### TASK PROMPT
Note the line containing "CUADRO INSTRUMENTOS FORD"; from it through the last line below, give only those lines again, exactly, both ends included, skipping pictures.

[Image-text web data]
┄┄┄┄┄┄

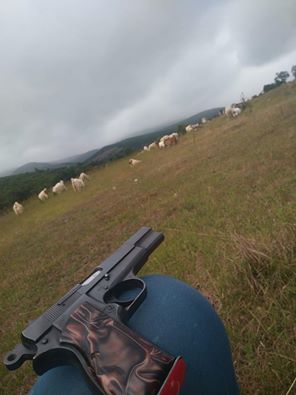 Havza Güvercinlik Köyü Resimleri 2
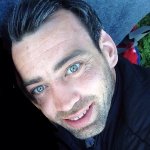 Eric-Alexander auch neu in Kreuth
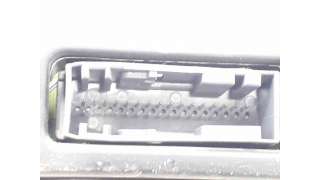 CUADRO INSTRUMENTOS FORD FUSION (2002-2012) 1.4 TDCI 68CV 1399CC - L.7491083 / 2S6F10A855A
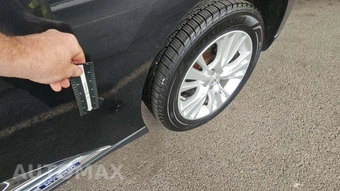 2010 Lexus RX 450h – miniatura 38
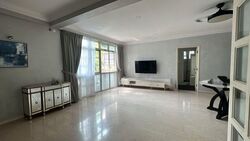 St. Patricks Green (D15), Apartment #565831401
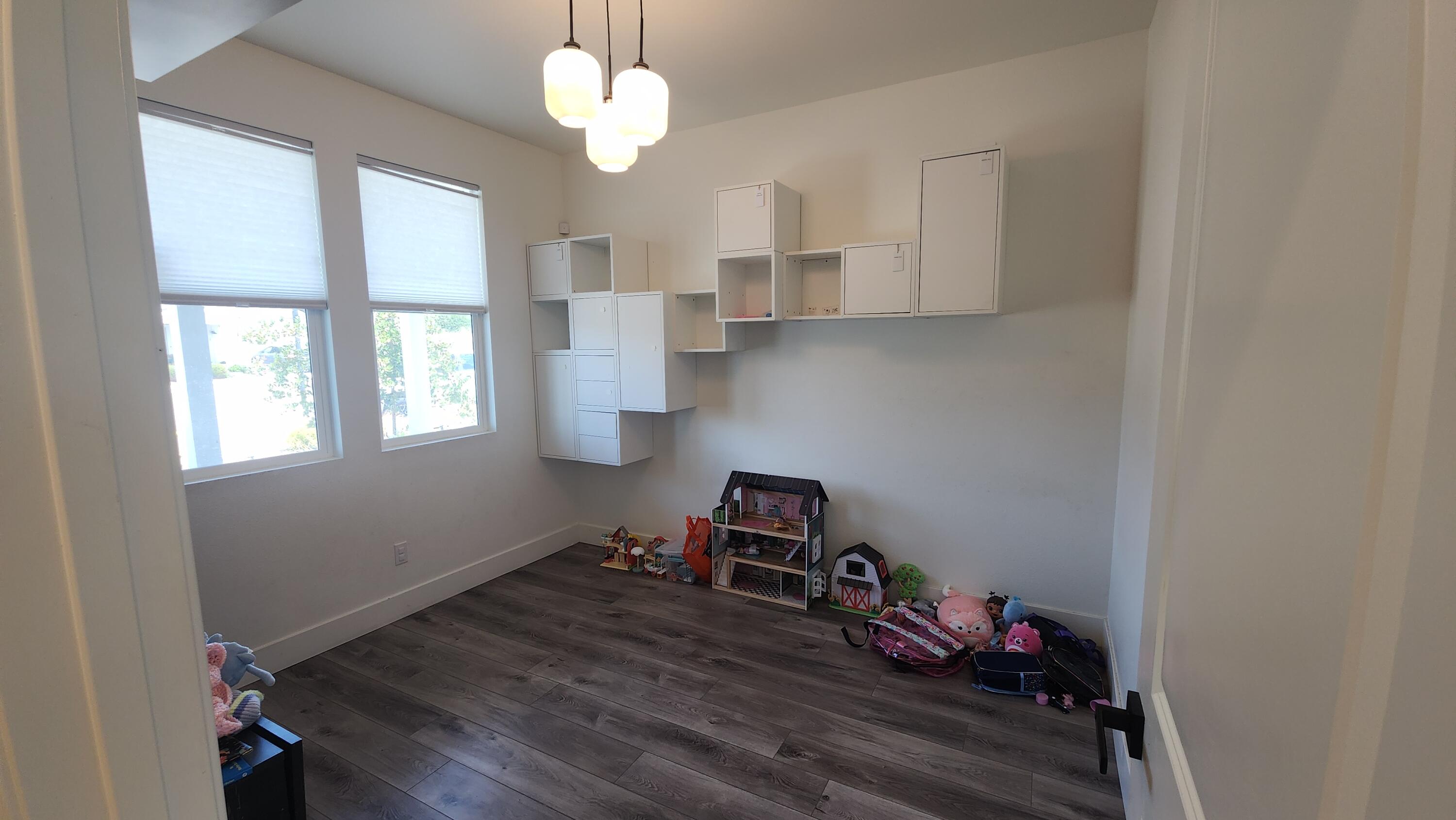 170 White Sage Lane
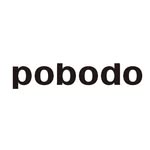 Pobodo Activewear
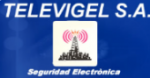 TELEVIGEL S.A. ECUADOR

┄┄┄┄┄┄

### FINAL ANSWER
 CUADRO INSTRUMENTOS FORD FUSION (2002-2012) 1.4 TDCI 68CV 1399CC - L.7491083 / 2S6F10A855A
 2010 Lexus RX 450h – miniatura 38
 St. Patricks Green (D15), Apartment #565831401
 170 White Sage Lane
 Pobodo Activewear
 TELEVIGEL S.A. ECUADOR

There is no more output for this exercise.